I am writing this while sitting at the ASPCA, waiting for our number to come up, to walk through those steel doors, to put my 88 year-old mother's 19 year-old cat to "sleep."
How I hate that euphemism. (Plus, remind me NEVER to use this expression around the boys or they may never sleep again.) But to say "death" is still just too harsh. And "down"? Too ambiguous. But maybe that's best.

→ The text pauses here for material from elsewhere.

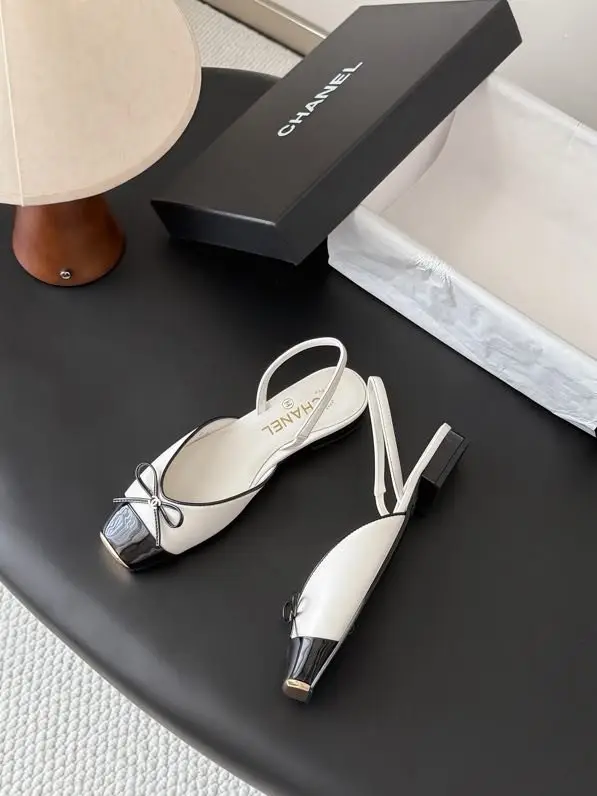 Chanel Shoes women's from square the toe — Photo 3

The technical term "to be euthanized"? Too many shivers down my spine, images of Hitler's death wagons coming for people like my son to let that word trip off my tongue lightly.
But really, all this theorizing about language is the distractor isn't it? To keep me from thinking too much about the next few minutes; about walking Willie through that door.
Because I have already asked for the box of Kleenex, dripping snotty tears all over the poor reception clerk's desk as I filled out the forms that will make this come to pass, today.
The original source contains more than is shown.